Timing is a significant issue in implementing the neuro-inspired system and is not considered in conventional neural networks. Conventional neural networks encode information with static input coding (encoding pattern as 0011 and 0010, binary bits).

While in SNN, besides the pattern coding, the time-related parameters can be used to present the information which increases the information processing capacity of ANN. Implementing SNN with spiking neuron models solves this timing problem, hence the need for this research.

#### 1.4 Research Aim and Objectives

This research is aimed at exploring the theoretical framework behind spiking neuron models and investigating the architecture of OASIS Network on Chip (OASIS-NoC). In addition to our research studies aim, we ought to be guided by the following objectives:

- To implement a software-based SNN using the Leaky Integrate-and-Fire neuron model:
- To train our network with STDP learning algorithm;
- To test our SNN for digit recognition with MNIST datasets of handwritten digits;
- To propose a novel scalable high-level Neuro-Inspired Architectures in Hardware (NASH) for future OASIS Network on Chip (OASIS-NoC).

#### 1.5 Research Methodology

The methodology of this research is based on studying related literatures to get the general concepts.
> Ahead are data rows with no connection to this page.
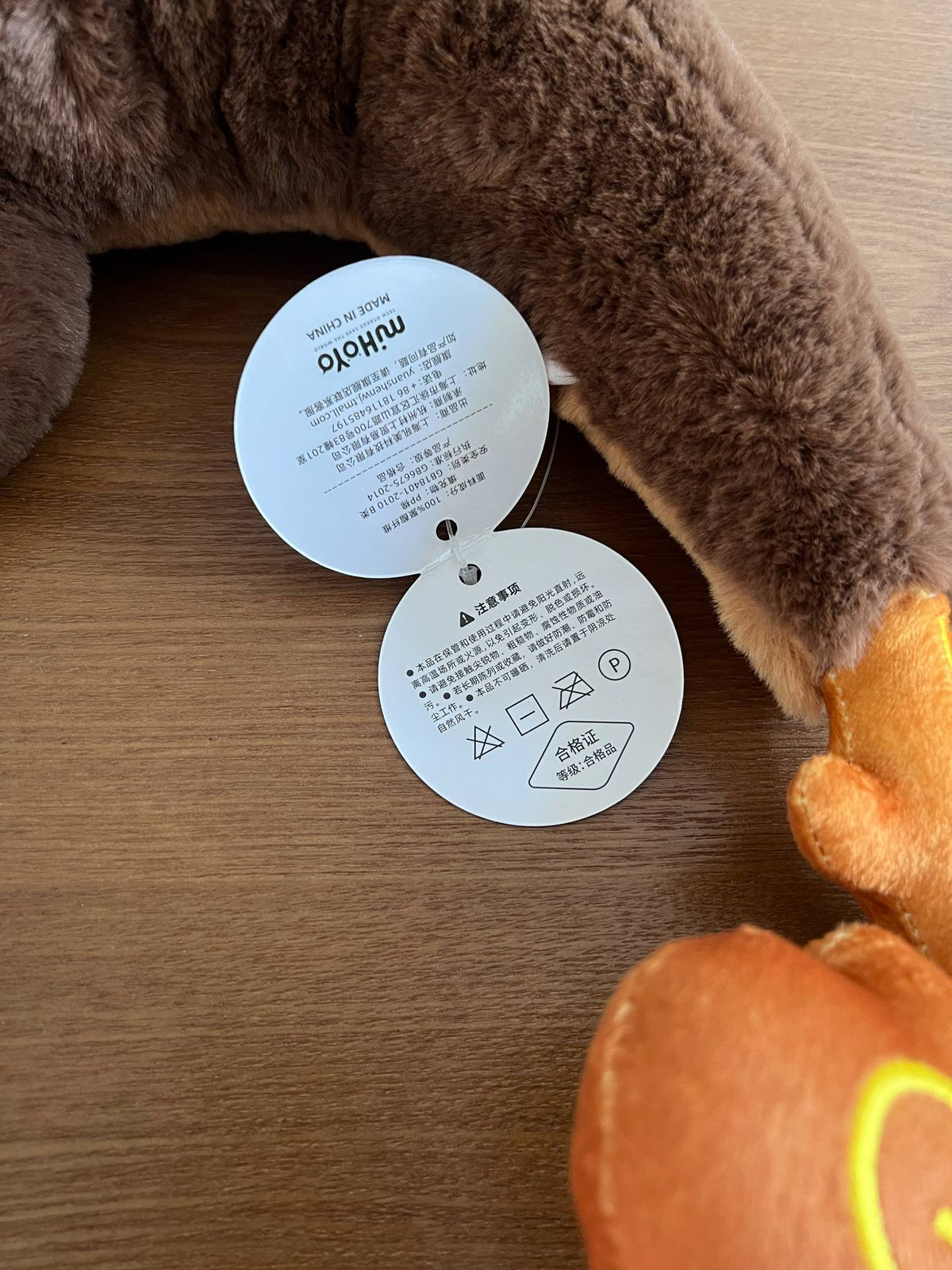 Genshin Impact Zhongli Dragon Plush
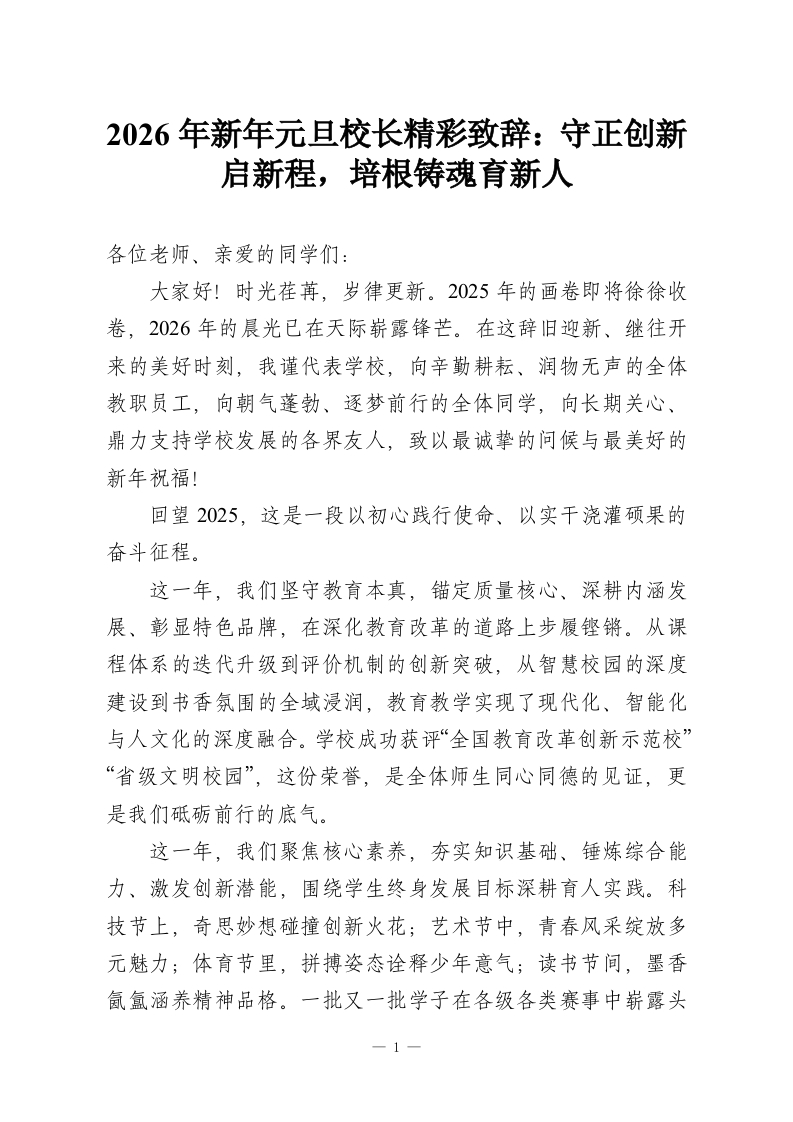 2026年新年元旦校长精彩致辞：守正创新启新程，培根铸魂育新人-教务资料网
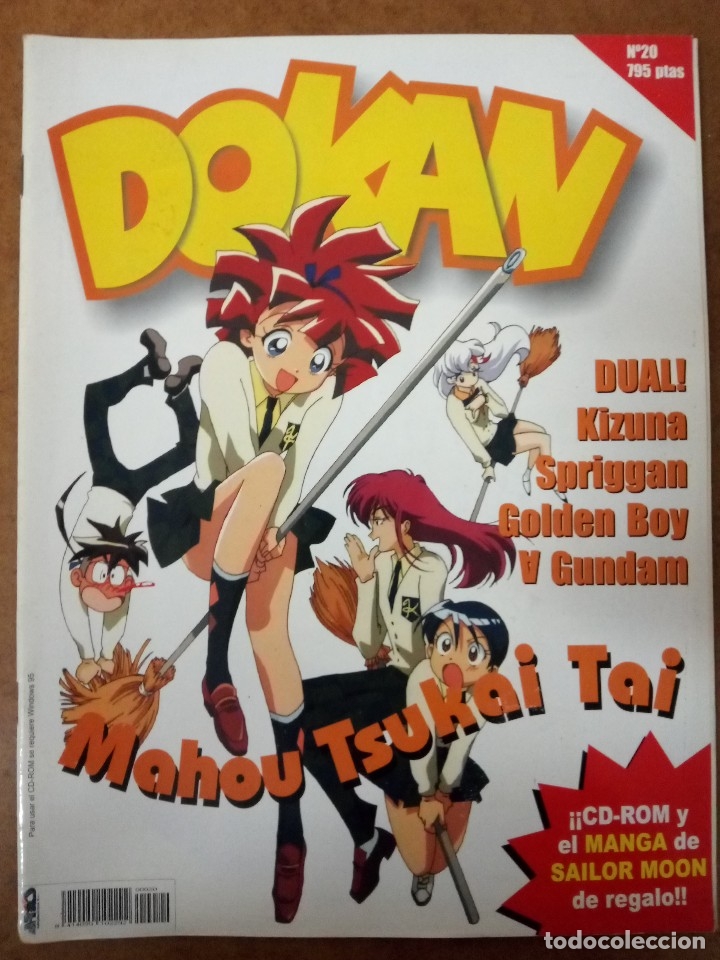 C&oacute;mics: REVISTA DOKAN N&ordm; 20 (SIN CD) - Foto 1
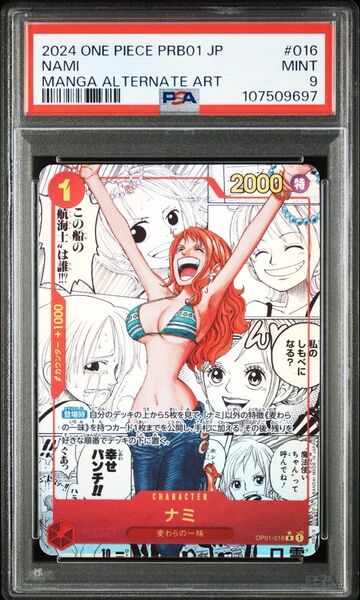 【PSA9】ナミ コミパラ
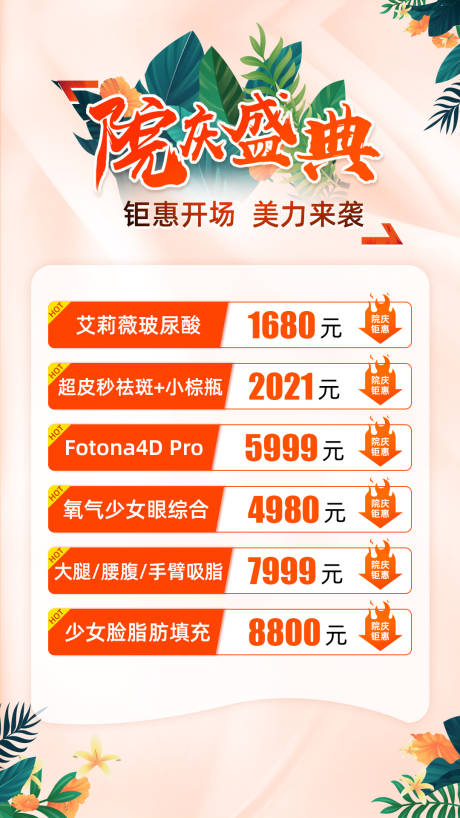 源文件下载【院庆盛典】编号：69320004060239572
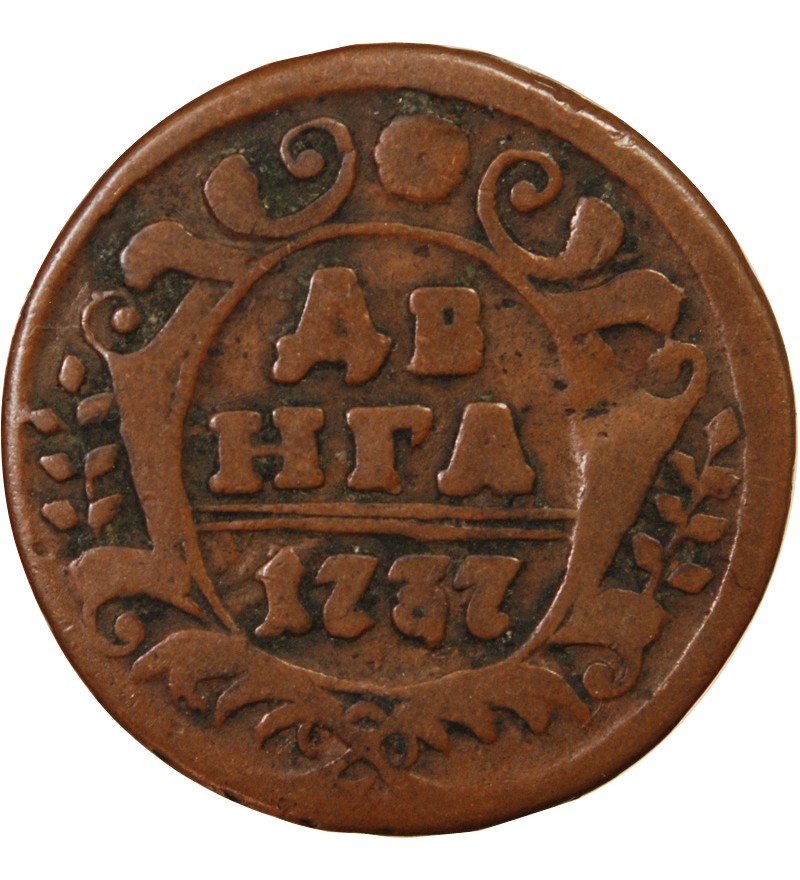 RUSSIE, ANNA IVANOVNA - DENGA 1737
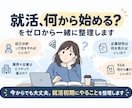 就活、何から始める？をゼロから整理します 出遅れていても大丈夫！就活初期にやることを一緒に整理します。 イメージ1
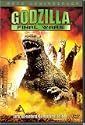Godzilla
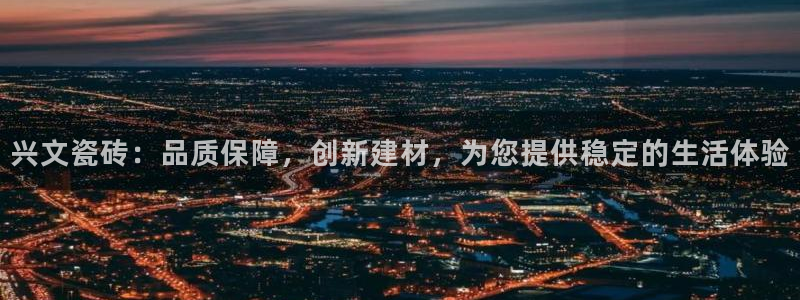 杏鑫平台怎么样黑钱吗安全吗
In our studies, we proposed a design for a novel high-level architecture, NASH for future on-chip systems. NASH main components were described.

We implemented a software-based Spiking Neural Network (SNN) using a Leaky Integrateand-Fire (LIF) neuron. The SNN is trained with an STDP learning algorithm for digit recognition using MNIST datasets of handwritten digits.

The rest of the research work is organized in chapters as follows: Chapter 2 is the literature review on some related works, discussing SNNs, learning mechanisms, neuron spiking models and software simulators; Chapter 3 covers methodology and implementation, discussing STDP, STDP algorithm, and methods; Chapter 4 is on the design of scalable SNN based on NoC Architecture, discussing NoC, OASIS-NoC and proposing a novel NASH as the main contribution of this research; Chapter 5 contains results, analysis, and evaluation; and finally Chapter 6 discusses the research conclusion, challenges, and future work.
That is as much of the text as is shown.